About this task
Please output the data below exactly as given, starting at its first line and stopping after the line that contains "Ładowarka sieciowa Anker".

Dataset content
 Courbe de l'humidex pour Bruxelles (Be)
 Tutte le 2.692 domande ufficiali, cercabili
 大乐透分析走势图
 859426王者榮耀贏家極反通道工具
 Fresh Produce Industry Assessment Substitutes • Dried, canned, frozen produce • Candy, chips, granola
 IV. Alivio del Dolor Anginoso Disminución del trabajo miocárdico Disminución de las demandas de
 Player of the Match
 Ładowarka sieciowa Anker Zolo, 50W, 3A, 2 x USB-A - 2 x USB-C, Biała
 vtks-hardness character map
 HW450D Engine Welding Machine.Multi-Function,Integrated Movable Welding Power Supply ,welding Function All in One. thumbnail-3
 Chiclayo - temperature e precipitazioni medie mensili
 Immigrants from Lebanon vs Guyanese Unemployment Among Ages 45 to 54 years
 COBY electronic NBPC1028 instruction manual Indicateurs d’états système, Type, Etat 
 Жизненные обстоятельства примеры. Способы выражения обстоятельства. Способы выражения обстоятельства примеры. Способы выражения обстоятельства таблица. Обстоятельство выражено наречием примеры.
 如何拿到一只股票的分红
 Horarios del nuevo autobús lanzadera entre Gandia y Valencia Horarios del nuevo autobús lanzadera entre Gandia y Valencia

Exercise answer
 Courbe de l'humidex pour Bruxelles (Be)
 Tutte le 2.692 domande ufficiali, cercabili
 大乐透分析走势图
 859426王者榮耀贏家極反通道工具
 Fresh Produce Industry Assessment Substitutes • Dried, canned, frozen produce • Candy, chips, granola
 IV. Alivio del Dolor Anginoso Disminución del trabajo miocárdico Disminución de las demandas de
 Player of the Match
 Ładowarka sieciowa Anker Zolo, 50W, 3A, 2 x USB-A - 2 x USB-C, Biała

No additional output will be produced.